Gómez, que tenía 17 años cuando ocurrieron los hechos y figura como testigo en el proceso judicial, recordó que perdió a 14 familiares y varias de sus primas fueron violadas y luego asesinadas por los soldados.

Otro sobreviviente, Raúl Gómez, manifestó que "da vergüenza que las máximas autoridades amparen a un criminal, porque los militares que hicieron la matanza fueron discípulos de Ríos Montt".

Los soldados "no acabaron con los guerrilleros sino con la gente humilde", señaló Gómez, de 52 años, y quien perdió a 17 parientes en las Dos Erres, una de las 669 matanzas que documentó la Comisión de la Verdad durante el conflicto armado que vivió Guatemala entre 1960 y 1996, y que dejó 250.000 víctimas, entre muertos y desaparecidos.

Aura Elena Farfán, directora de la Fundación de Familiares de Detenidos-Desaparecidos de Guatemala (Famdegua), calificó como una acción "vergonzosa" la suspensión del proceso, en el que esa organización actúa como querellante.

El fallo de la Corte de Apelaciones "viene a ayudar a la impunidad, a encubrir los hechos. Es lamentable que los pequeños pasos que se habían dado para romper el muro de impunidad vuelvan a quedar cerrados", añadió en declaraciones a Efe.

Por su parte, el abogado de los familiares de las víctimas, Edgar Pérez, dijo a Efe que la decisión judicial de suspender el proceso contra Ríos Montt constituye "un retroceso enorme para el acceso a la justicia, y una consolidación de la impunidad".

"Nos llama poderosamente la atención que la Sala haya decretado el amparo provisional favoreciendo al general y suspendiendo el proceso", aún cuando en 2009, la Corte Interamericana de Derechos Humanos (CorteIDH) condenó al Estado de Guatemala por la masacre de las Dos Erres, expresó Pérez.

Los abogados del general retirado alegaron ante la Corte de Apelaciones que la jueza Flores vulneró los derechos de Ríos Montt al no aplicar la amnistía aprobada en 1996 por el Parlamento.

La CorteIDH, con sede en Costa Rica, dejó claro en su sentencia del 24 de noviembre de 2009 que la amnistía no es aplicable para delitos graves de violaciones a los derechos humanos, como el genocidio, y particularmente por el caso de las Dos Erres, explicó Pérez.

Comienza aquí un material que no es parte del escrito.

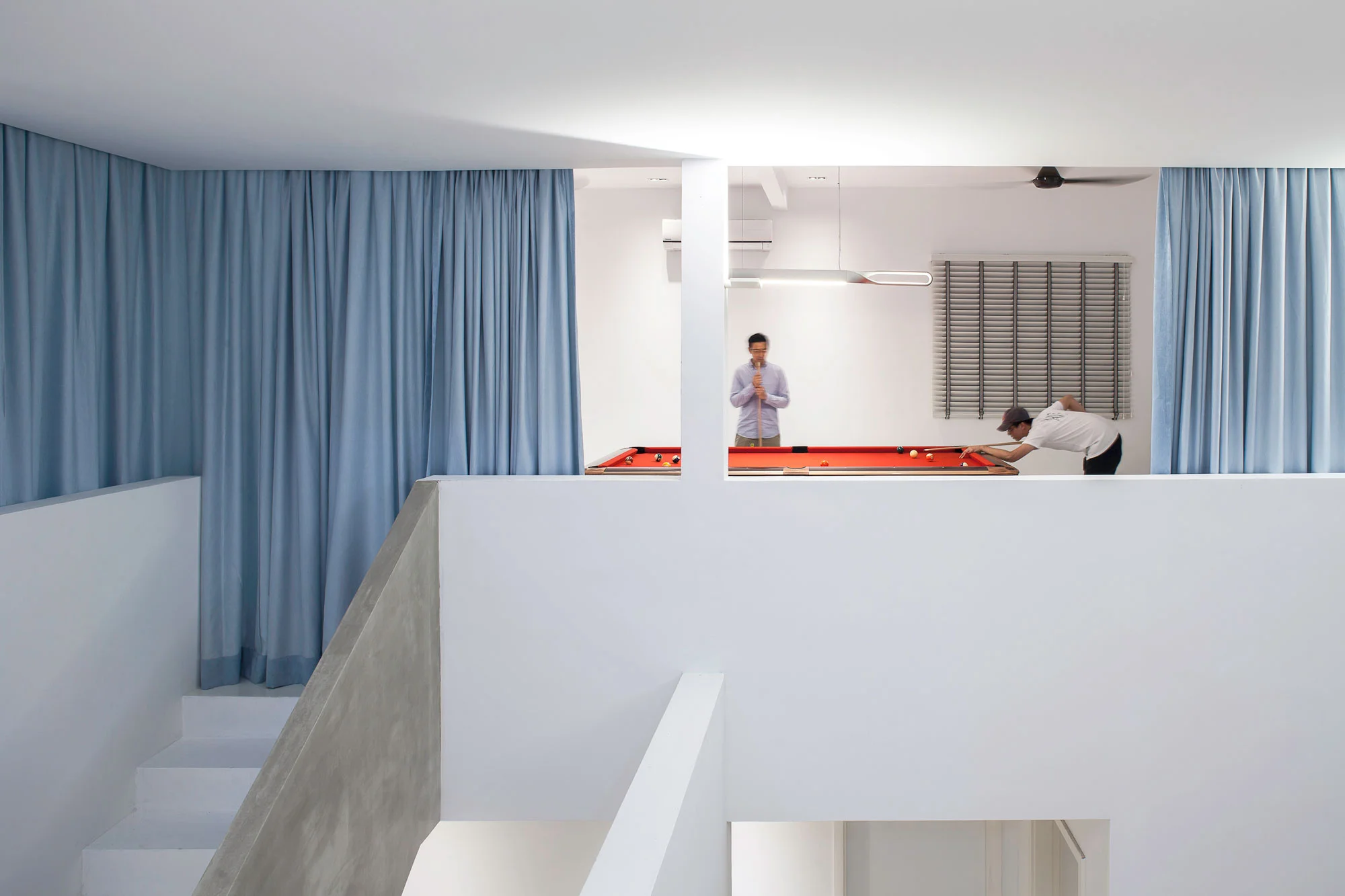 A simple interior finishes palette of white washed walls, exposed cement, and wood grained floor tiles makes for easy maintenance. A blue color group of curtains wraps the entire 3 level of the atrium to provide visual privacy and flexibility to the use of the spaces.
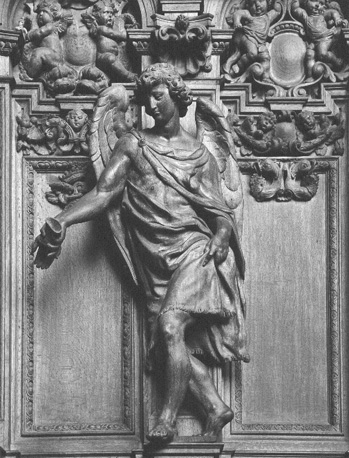 Koorgestoelte, detail: Engel met Passie-instrument: een hand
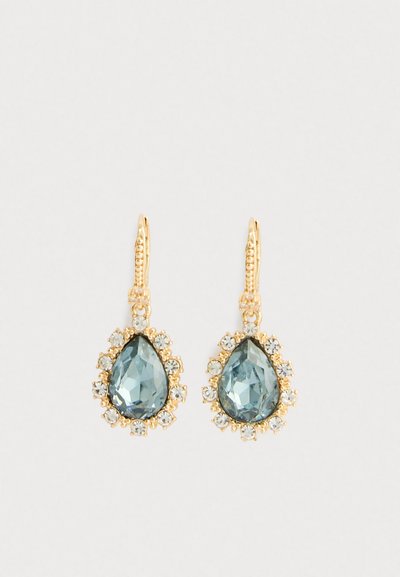 Orecchini a goccia in oro con pietre preziose blu a forma di goccia circondate da piccoli cristalli trasparenti su sfondo bianco.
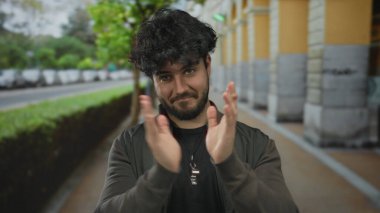Arka planda ağaçlar ve arabalarla şehir sokağında el çırpan sakallı genç İspanyol bir adam sıradan moda ve doğal ifade sergiliyor..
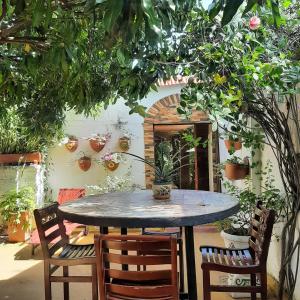a table and chairs in a patio with plants at Hotel Boutique Casa de Los Santos Reyes Valledupar in Valledupar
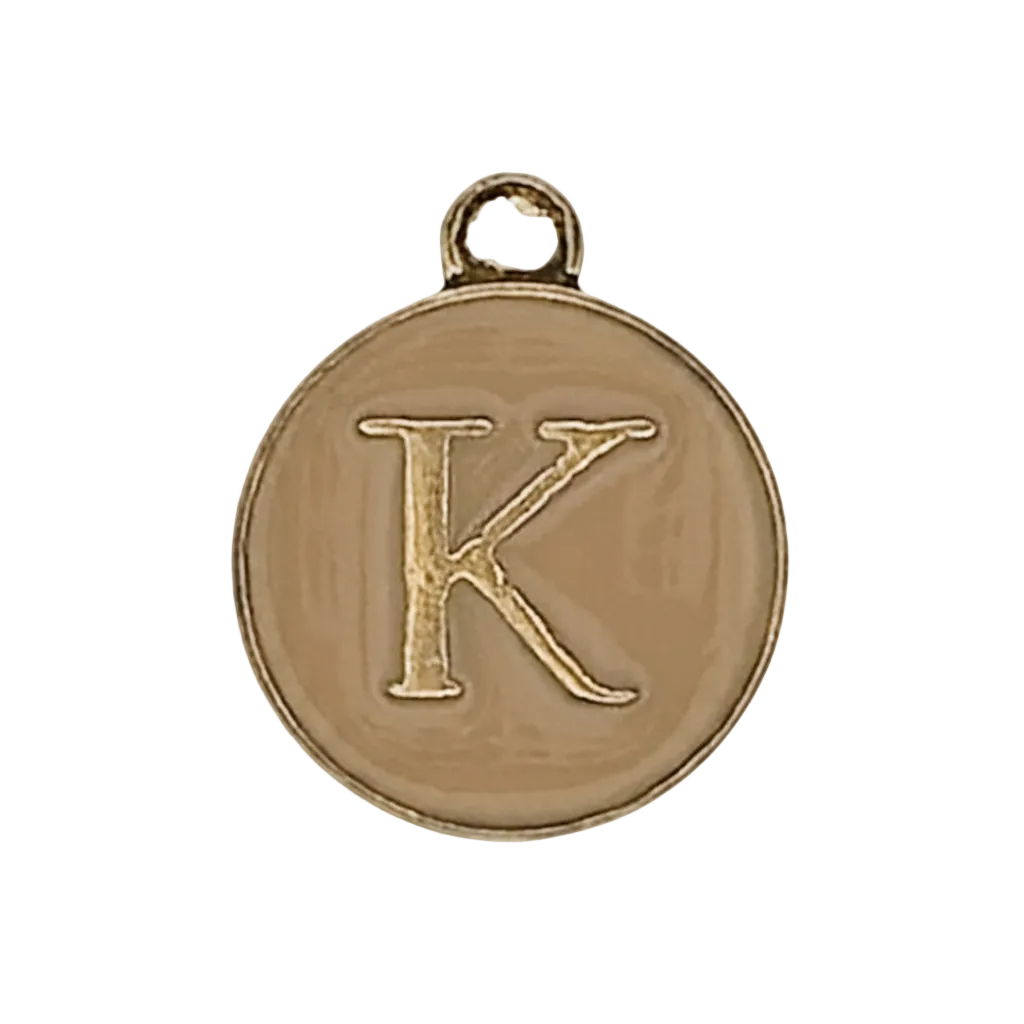 close-up of round gold-tone charm with engraved letter K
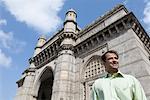 Flachwinkelansicht eines Kaufmanns steht vor einem Denkmal, das Gateway of India, Mumbai, Maharashtra, Indien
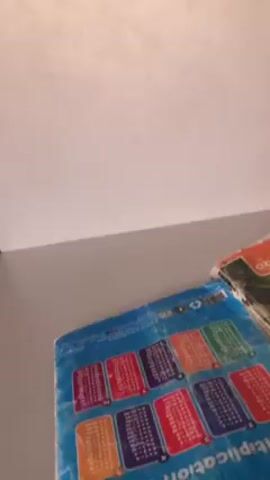 The video shows the inside of a library. There are study carrels with white tops and white privacy partitions. A green plastic chair is in front of one of the carrels.  A couple of books are on the desk of one carrel.  A bookshelf filled with books is in the background. In one shot, a person is sitting at one of the carrels with their legs extended onto the desk of another carrel and reading something. The lighting in the room appears to be bright.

Según el abogado de las víctimas, con las acciones de amparo los militares buscan dilatar y entorpecer los procesos penales por los crímenes de guerra denunciados ante los tribunales.

Pérez explicó que Ríos Montt continúa bajo arresto domiciliario porque está ligado a otro proceso judicial, desde enero pasado, por la matanza de indígenas ixiles durante su régimen de facto, caso por el que también son procesados los generales Héctor López y José Rodríguez.

El abogado dijo que la Corte de Apelaciones sentó "un mal precedente", y explicó que pidieron a la Corte de Constitucionalidad que revoque el amparo en base a la condena de la CorteIDH.

La Corte de Constitucionalidad tiene tres días para resolver la apelación, aunque el caso puede llevarse hasta dos semanas, aclaró Pérez.